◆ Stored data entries
==*==

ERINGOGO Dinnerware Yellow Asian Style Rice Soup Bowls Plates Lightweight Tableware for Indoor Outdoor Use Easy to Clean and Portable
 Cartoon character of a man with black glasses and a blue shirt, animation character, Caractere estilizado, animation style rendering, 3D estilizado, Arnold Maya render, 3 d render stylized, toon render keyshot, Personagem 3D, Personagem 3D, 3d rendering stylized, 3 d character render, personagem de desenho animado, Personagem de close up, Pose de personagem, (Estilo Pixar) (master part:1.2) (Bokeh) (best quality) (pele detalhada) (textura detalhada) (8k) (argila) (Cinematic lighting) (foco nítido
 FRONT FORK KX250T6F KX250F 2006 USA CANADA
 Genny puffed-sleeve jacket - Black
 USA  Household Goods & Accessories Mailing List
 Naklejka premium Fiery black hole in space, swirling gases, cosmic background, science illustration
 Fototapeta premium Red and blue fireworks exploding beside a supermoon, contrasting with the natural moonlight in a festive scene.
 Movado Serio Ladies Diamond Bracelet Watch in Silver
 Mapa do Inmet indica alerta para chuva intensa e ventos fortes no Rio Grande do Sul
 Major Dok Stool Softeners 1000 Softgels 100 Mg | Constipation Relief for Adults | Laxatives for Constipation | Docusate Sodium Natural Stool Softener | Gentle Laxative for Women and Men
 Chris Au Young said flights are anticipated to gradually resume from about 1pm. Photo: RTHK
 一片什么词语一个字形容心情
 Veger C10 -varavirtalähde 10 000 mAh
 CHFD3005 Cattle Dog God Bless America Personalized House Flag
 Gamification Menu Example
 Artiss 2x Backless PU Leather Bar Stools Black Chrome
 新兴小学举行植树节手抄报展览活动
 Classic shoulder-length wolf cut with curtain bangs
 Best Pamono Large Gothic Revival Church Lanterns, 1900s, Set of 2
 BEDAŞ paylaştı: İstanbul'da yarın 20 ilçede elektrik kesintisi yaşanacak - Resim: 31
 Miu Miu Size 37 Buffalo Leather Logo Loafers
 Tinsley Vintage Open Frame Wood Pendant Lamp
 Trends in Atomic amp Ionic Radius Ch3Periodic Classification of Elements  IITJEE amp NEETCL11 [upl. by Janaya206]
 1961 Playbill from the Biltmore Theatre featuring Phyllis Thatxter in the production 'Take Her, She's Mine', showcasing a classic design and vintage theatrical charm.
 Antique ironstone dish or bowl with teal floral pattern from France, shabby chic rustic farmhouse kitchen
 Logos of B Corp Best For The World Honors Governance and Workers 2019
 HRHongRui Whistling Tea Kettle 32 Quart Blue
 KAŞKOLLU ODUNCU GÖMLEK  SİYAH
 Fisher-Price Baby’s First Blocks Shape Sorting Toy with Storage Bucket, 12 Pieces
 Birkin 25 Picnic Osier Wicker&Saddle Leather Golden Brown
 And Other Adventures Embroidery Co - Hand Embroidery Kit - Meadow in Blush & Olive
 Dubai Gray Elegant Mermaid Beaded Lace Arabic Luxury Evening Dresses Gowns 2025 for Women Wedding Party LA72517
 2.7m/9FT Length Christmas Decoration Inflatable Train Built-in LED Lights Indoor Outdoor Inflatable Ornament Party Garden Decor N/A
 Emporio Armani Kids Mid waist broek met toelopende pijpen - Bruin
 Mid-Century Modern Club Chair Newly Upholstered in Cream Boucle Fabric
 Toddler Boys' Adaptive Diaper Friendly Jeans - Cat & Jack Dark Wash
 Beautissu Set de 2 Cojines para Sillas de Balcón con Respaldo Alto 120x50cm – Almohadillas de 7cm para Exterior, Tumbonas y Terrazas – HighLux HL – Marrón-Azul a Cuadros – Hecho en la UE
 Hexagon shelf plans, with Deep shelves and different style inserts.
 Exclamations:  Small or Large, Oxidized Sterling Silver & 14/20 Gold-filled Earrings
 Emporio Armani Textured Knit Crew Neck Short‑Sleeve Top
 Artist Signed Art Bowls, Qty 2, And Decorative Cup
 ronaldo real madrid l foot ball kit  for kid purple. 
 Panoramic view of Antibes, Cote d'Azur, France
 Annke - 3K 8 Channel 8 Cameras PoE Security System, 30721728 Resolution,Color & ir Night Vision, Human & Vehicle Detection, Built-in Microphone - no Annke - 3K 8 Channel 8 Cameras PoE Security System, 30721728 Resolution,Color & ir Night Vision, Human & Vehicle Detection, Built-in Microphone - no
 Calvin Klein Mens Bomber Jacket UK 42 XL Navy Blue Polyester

==*==

◆ TASK BRIEF
Within the records, tally every line that contains the word "Large". Only the resulting number should be given.

◆ SOLVED PROBLEM
2